Yapabildiğim Kadar



[ YAPABİLDİĞİM KADAR ]*


Solondaki çalışma masamın başına geçtim.
Masa lambasına uzanıp yaktım.
Selim okuduğu kitaptan başını kaldırıp, öğle vakti masa lambasını neden yakıyorsun, diye sordu.
Alışkanlık işte, dedim ama lambayı söndürmedim.
Selim tekrar elindeki kitaba gömüldü.

Selim, bir kişiden çok bir ruhtu salonu dolduran.
Varlığını her zaman hissettiğiniz ama göstermeye çalıştığınızda gösteremediğiniz bir kişiydi.

Masanın ikinci çekmecesini açtım.
Mavi dosyanın üstünde duran öykülerden en alttakini çekip çıkardım. 
Üç dosya kâğıdı uzunluğunda bir kısa öyküydü.
Demlenme süresini tamamlamıştı.
Üzerindeki tarihe bakılırsa on beş gündür orada bekliyordu.

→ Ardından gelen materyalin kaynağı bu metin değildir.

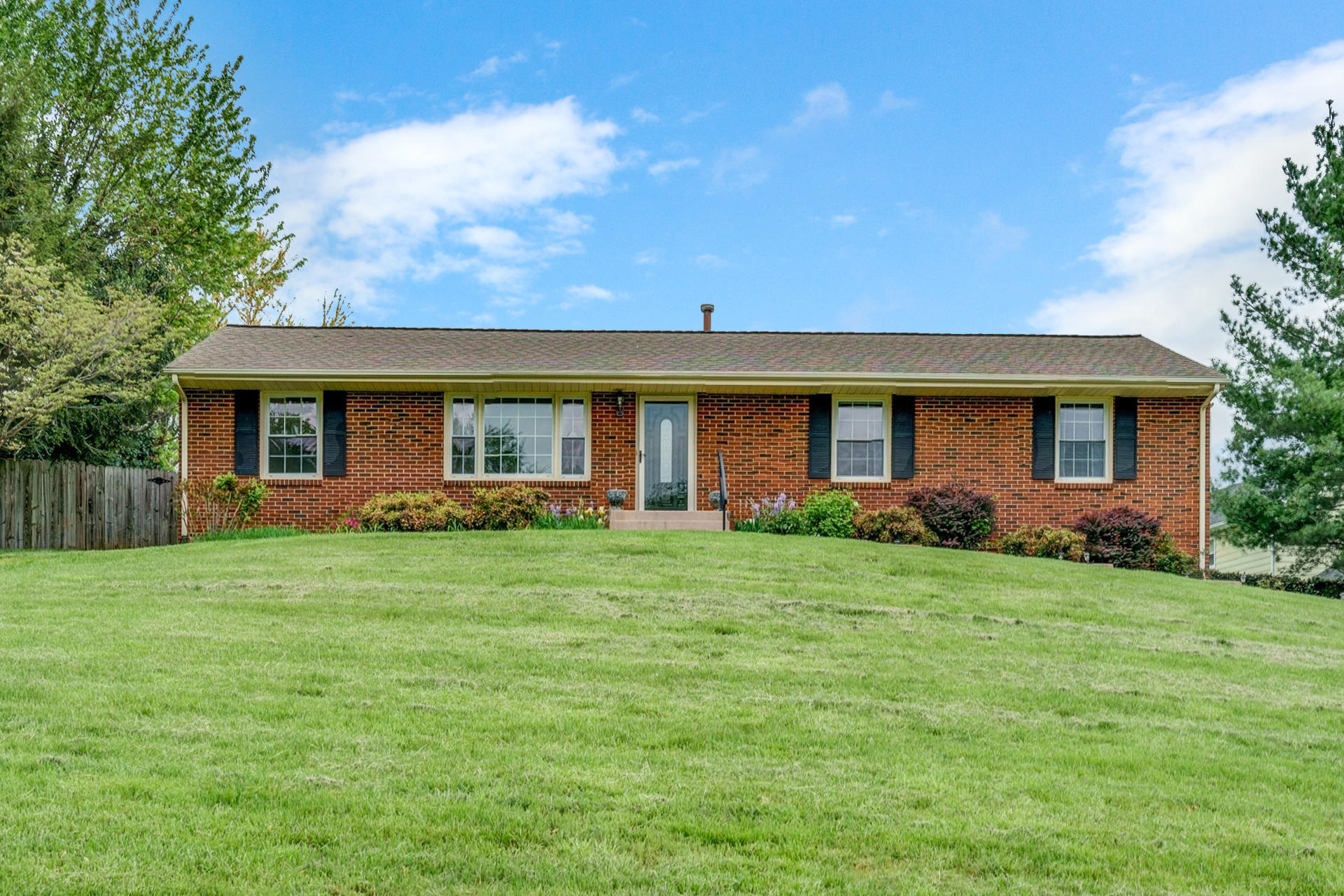 5215 Setter Road Roanoke, VA 24012 - Photo 1 of 31 001-310080-5215 Setter Road 01_7635983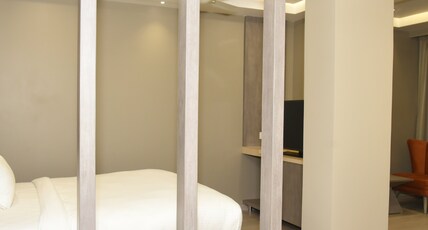 Hotel Grand Maharaja Room Type - SUITE ROOM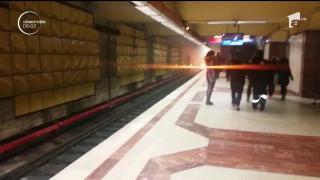 Incendiu la stația de metrou Tineretului. Focul ar fi izbucnit la izolaţia unor cabluri.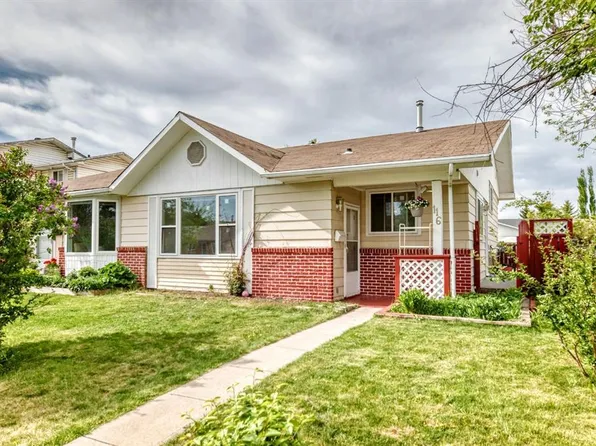 116 S Pineson Pl NE, Calgary, AB T1Y 2R1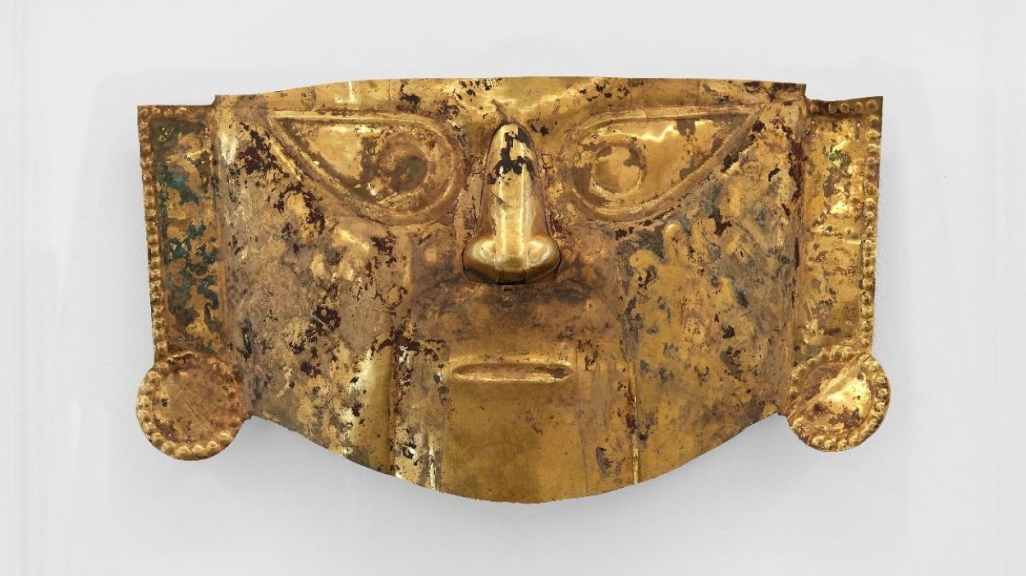 Artista Lambayeque desconocido, costa norte del Perú, Máscara de oro, 900–1100 CE. Colección privada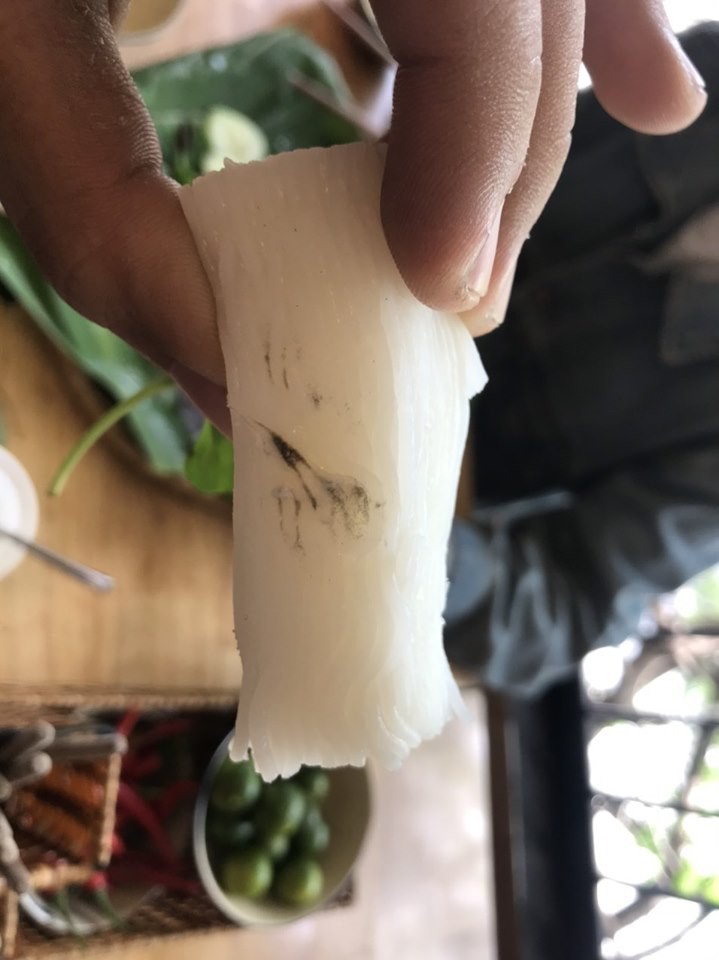 Đi ăn quán bún đậu nức tiếng ở Bình Thạnh, cô gái tá hỏa khi phát hiện bún mốc, nhưng phản hồi sau đó của cư dân mạng mới khiến nhiều người kinh hãi-2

On dakika boyunca öyküyü birkaç kez okudum.
Bilgisayardan boş bir sayfa açıp öyküyü yeniden yazmaya başladım.
Bu yeniden yazma işine ‘çeviri’ adını veriştim.
Selim de bunu çok mantıklı bulmuştu.

İlk ham öykü yazarın kendi diliyle kaleme alınıyordu her zaman.
Sonraki yeniden yazımların tüm amacı onu okurun diline çevirmekten ibaretti.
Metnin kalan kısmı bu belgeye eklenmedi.